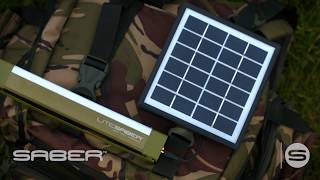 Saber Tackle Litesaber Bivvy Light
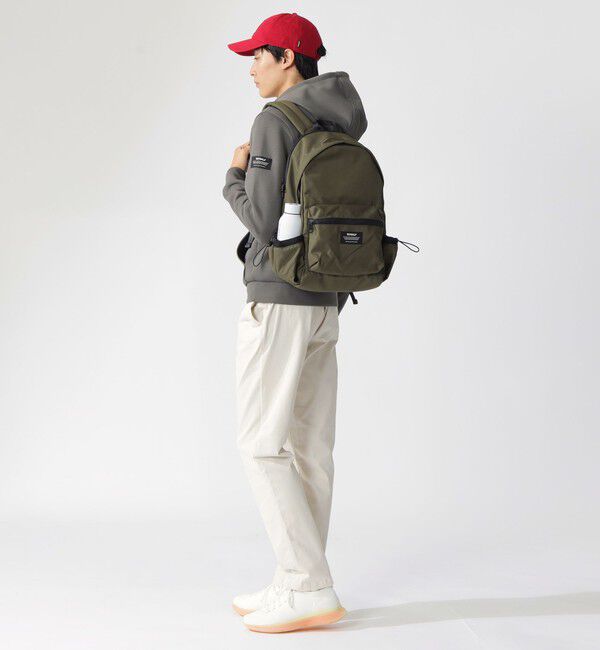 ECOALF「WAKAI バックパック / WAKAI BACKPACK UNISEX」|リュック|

...

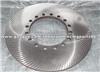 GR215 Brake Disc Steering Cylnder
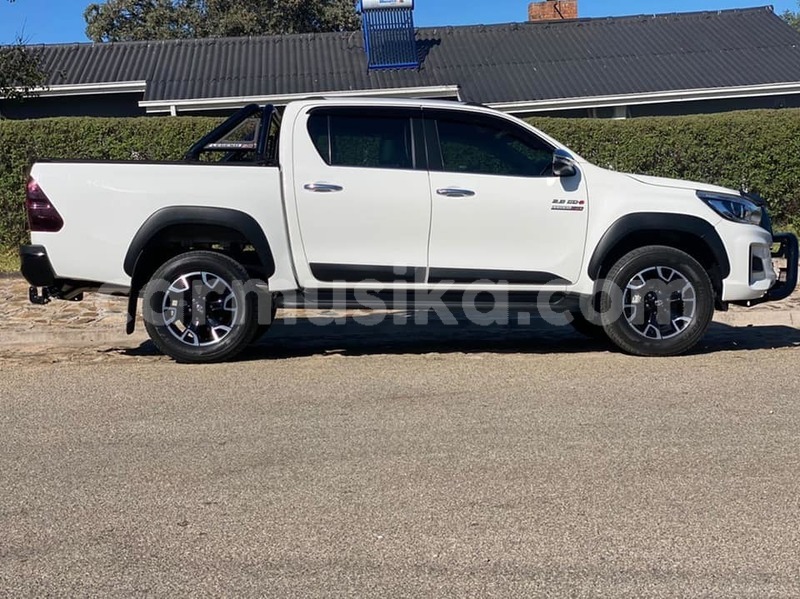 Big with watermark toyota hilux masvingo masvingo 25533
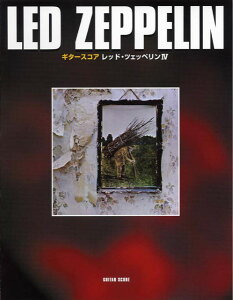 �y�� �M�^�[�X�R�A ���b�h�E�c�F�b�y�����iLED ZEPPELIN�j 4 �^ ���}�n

---

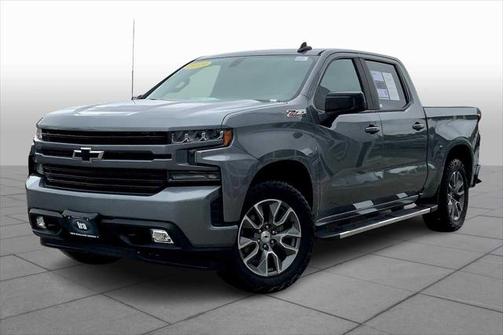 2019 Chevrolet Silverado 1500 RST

What to do:
Reproduce the data above exactly, but only from the line containing "Saber Tackle Litesaber Bivvy Light" through the line containing "ECOALF「WAKAI バックパック /". Omit all pictures.

Expected answer:
 Saber Tackle Litesaber Bivvy Light
 ECOALF「WAKAI バックパック / WAKAI BACKPACK UNISEX」|リュック|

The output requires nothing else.